= WHAT THE EXERCISE ASKS =
Of the entries below, return only those lines from the line with "Unit 16 / 34-36 Hythe Street, Mount Druitt" to the line with "Bộ lưu điện", exactly, both included.

┌─ DATA FOR PROCESSING

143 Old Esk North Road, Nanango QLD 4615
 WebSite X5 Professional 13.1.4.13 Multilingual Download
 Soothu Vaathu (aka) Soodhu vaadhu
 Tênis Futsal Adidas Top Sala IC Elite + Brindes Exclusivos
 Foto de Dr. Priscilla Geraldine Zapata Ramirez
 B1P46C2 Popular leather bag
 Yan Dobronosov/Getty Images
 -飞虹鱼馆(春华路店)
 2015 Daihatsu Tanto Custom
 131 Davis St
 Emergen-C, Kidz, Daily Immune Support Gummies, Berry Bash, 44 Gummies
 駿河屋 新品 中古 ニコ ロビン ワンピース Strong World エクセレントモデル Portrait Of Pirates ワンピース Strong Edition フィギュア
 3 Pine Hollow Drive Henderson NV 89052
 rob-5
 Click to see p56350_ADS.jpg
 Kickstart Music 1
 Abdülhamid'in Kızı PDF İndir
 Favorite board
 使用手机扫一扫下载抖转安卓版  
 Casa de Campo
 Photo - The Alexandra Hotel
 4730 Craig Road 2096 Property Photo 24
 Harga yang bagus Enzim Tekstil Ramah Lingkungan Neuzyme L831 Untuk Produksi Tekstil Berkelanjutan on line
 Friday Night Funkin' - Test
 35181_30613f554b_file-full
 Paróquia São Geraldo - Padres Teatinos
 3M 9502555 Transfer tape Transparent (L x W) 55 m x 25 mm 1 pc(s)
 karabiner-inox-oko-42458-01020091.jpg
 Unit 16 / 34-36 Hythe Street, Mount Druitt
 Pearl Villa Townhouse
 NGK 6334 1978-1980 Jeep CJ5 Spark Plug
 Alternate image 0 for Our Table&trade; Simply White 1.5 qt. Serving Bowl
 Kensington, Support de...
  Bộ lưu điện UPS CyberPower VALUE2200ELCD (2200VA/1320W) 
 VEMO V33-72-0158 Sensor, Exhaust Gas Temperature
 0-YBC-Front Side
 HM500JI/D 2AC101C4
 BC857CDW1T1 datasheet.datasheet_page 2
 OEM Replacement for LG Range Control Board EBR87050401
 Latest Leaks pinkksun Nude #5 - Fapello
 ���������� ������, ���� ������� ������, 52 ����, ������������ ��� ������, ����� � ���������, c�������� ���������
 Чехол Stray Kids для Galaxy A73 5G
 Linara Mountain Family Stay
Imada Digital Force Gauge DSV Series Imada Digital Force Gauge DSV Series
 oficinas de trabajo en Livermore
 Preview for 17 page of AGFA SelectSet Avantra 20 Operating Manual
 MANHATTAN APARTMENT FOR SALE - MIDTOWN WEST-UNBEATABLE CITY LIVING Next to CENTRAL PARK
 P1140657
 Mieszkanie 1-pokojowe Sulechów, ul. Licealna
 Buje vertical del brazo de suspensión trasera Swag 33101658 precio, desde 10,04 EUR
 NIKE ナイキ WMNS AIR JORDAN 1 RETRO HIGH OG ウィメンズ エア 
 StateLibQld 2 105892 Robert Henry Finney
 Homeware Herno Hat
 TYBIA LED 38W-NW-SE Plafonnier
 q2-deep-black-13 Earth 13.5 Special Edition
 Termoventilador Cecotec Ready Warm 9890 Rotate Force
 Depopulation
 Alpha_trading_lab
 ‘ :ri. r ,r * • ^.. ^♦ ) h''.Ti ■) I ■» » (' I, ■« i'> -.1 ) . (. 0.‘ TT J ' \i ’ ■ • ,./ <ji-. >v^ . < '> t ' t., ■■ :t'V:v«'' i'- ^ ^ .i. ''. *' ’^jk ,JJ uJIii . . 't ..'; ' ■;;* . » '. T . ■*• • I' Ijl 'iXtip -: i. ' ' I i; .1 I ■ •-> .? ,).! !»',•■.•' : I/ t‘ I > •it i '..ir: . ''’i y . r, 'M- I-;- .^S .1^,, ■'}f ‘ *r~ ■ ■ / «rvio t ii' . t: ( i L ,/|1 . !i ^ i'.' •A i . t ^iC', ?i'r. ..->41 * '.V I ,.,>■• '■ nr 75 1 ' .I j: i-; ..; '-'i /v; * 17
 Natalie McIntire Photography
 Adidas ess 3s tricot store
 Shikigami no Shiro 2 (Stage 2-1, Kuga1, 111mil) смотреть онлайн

└─

= TASK SOLUTION =
 Unit 16 / 34-36 Hythe Street, Mount Druitt
 Pearl Villa Townhouse
 NGK 6334 1978-1980 Jeep CJ5 Spark Plug
 Alternate image 0 for Our Table&trade; Simply White 1.5 qt. Serving Bowl
 Kensington, Support de...
  Bộ lưu điện UPS CyberPower VALUE2200ELCD (2200VA/1320W) 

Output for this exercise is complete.